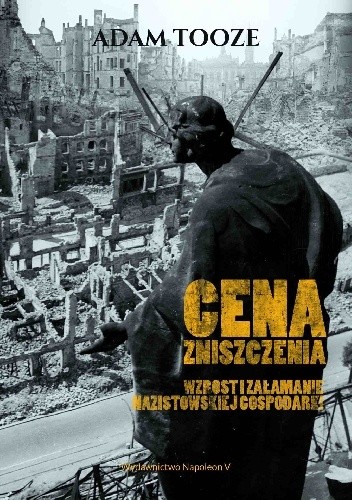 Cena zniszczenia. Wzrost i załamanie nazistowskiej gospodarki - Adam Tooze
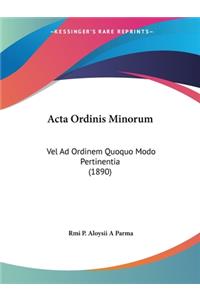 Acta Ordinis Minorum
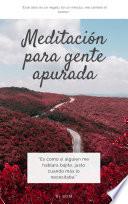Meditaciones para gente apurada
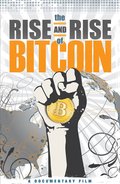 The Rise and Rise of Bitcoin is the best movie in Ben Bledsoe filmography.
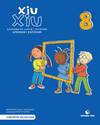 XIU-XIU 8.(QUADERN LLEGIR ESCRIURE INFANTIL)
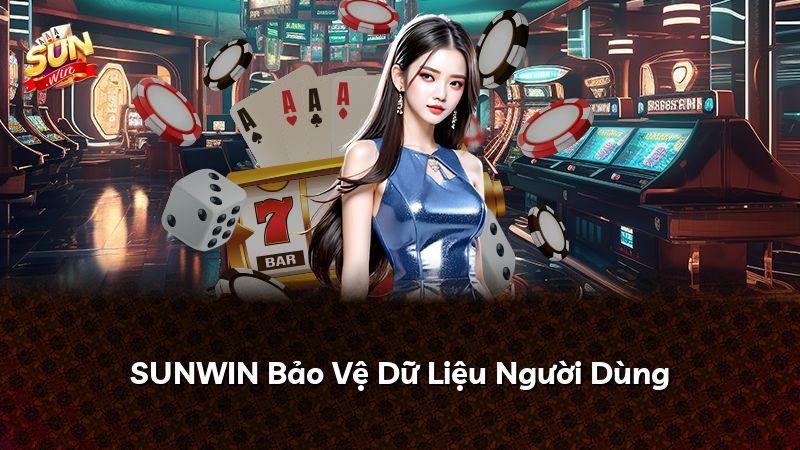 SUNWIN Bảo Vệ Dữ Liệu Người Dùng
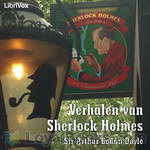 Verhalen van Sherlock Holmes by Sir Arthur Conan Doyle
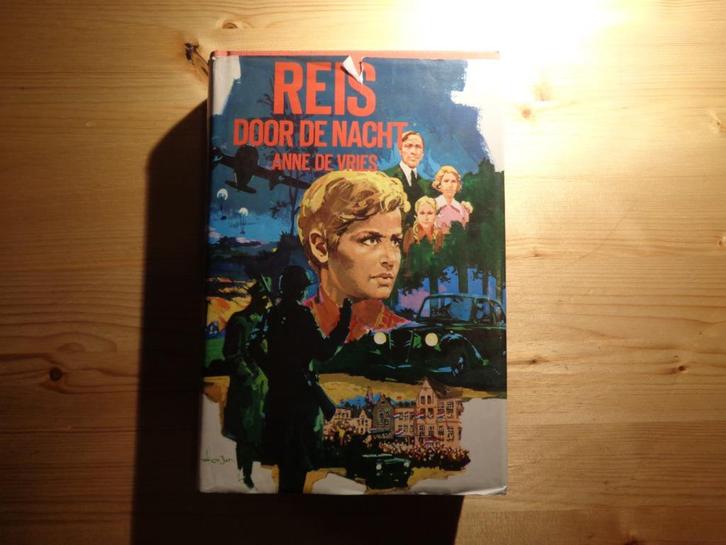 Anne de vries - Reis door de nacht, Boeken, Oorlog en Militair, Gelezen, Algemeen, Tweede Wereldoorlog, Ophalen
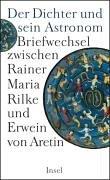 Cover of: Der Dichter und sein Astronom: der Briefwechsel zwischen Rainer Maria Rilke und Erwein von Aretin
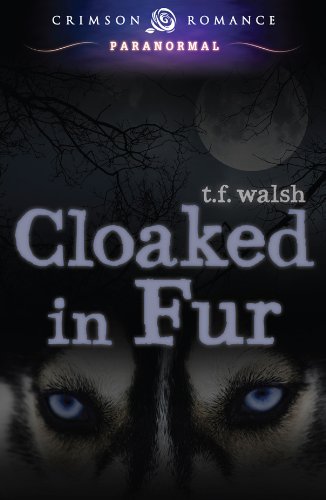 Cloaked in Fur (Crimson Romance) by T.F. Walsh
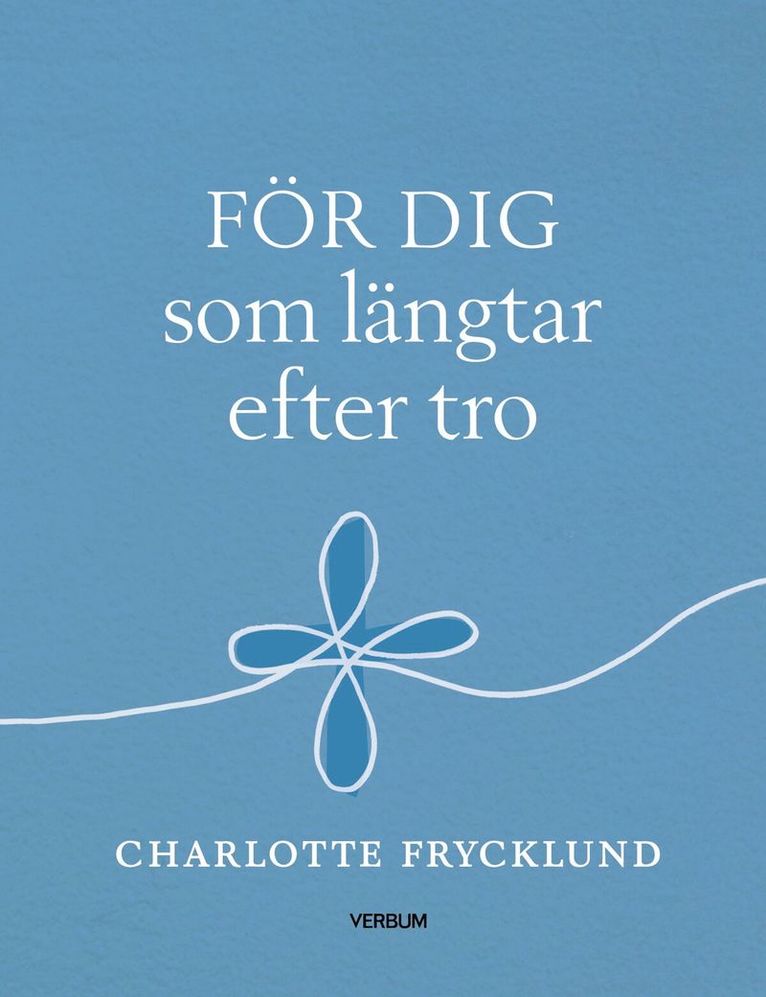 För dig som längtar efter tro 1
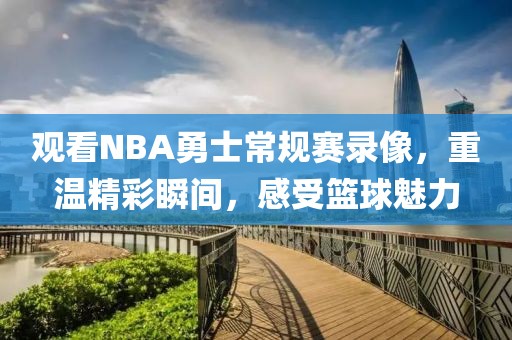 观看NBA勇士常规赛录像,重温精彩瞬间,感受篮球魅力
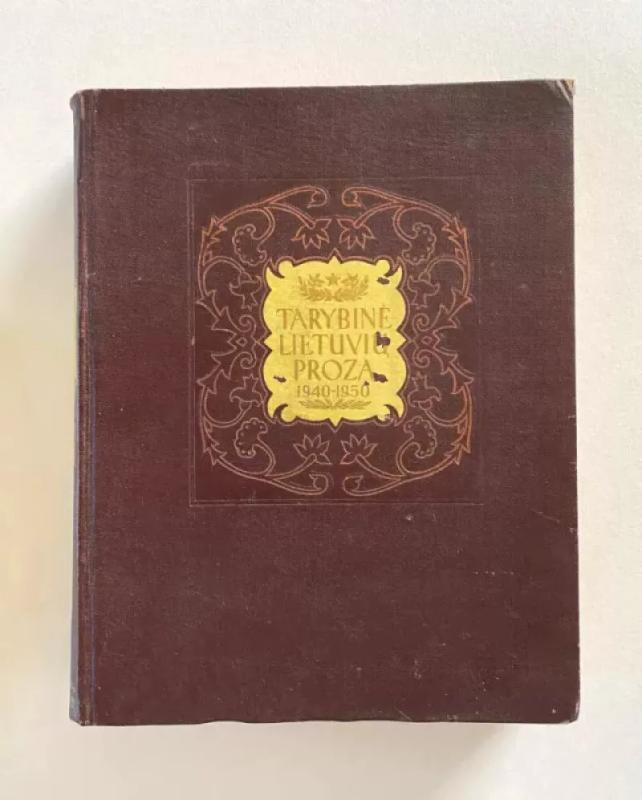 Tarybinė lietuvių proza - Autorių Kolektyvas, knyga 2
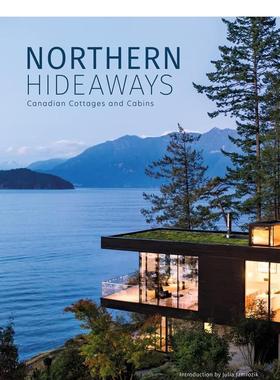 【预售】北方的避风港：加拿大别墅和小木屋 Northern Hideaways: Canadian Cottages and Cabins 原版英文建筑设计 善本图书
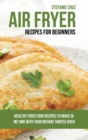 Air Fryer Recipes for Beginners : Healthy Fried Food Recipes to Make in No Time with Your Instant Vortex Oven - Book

++++

> **Required work**:
In the records above, everything from the line with "För dig som längtar efter tro 1" down to the line with "Cabins 原版英文建筑设计 善本图书" must be duplicated exactly, both lines kept. Leave no pictures in.

> **Solution for this exercise**:
 För dig som längtar efter tro 1
 观看NBA勇士常规赛录像,重温精彩瞬间,感受篮球魅力
 Tarybinė lietuvių proza - Autorių Kolektyvas, knyga 2
 【预售】北方的避风港：加拿大别墅和小木屋 Northern Hideaways: Canadian Cottages and Cabins 原版英文建筑设计 善本图书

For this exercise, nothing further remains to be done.